[meteorite-list] OT: The White House Coup Against NASA

From: Robert Verish <bolidechaser_at_meteoritecentral.com>
Date: Thu Apr 22 10:31:26 2004
Message-ID: <20040223050718.79271.qmail_at_web60303.mail.yahoo.com>

---------- Forward Message ----------

The White House Coup Against NASA

Submitted to Portside
February 20, 2004

THE WHITE HOUSE COUP AGAINST NASA

By Morton H. Frank

A rapid series of events makes evident that the Bush
administration has moved to take direct control of
NASA
in order to serve the administration's own immediate
political goals and perhaps also to support military
objectives in space. Should the effort succeed, grave
damage will be done to the scientific work now going
on
under NASA's auspices. While NASA overall is closely
linked to the military, much significant science is
currently supported under its budget. It is this
civilian component of NASA that has come under attack.

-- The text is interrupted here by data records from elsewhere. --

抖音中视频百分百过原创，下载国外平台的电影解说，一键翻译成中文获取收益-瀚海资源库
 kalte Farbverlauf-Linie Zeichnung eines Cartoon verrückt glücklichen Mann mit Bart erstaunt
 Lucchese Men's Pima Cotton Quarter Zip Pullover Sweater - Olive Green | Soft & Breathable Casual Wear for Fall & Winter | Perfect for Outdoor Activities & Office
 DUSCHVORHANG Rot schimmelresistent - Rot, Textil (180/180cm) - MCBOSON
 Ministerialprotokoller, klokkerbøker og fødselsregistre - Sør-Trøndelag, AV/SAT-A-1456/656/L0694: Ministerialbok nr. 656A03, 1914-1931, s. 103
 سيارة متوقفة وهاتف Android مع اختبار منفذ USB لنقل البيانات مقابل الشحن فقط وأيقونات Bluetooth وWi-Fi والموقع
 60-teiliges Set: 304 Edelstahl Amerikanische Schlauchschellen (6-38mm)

On January 14th at NASA headquarters, George Bush
announced a new vision for space exploration. "We will
build new ships to carry man forward into the
universe,
to gain a new foothold on the moon." "[With] the
experience and knowledge gained on the moon, "we will
take the next steps of space exploration: human
missions
to Mars and to worlds beyond." The refocusing of NASA
for these new tasks was delegated by Bush to the
agency's administrator, Sean O'Keefe, a former White
House budget official. These goals, he indicated, were
to be accomplished on the cheap: All of NASA's
activities are to be subordinated to this new space
program, with $11 billion to be drawn from the
agency's
existing five-year budget and Congress expected to
provide an additional billion in new money. (1, 2)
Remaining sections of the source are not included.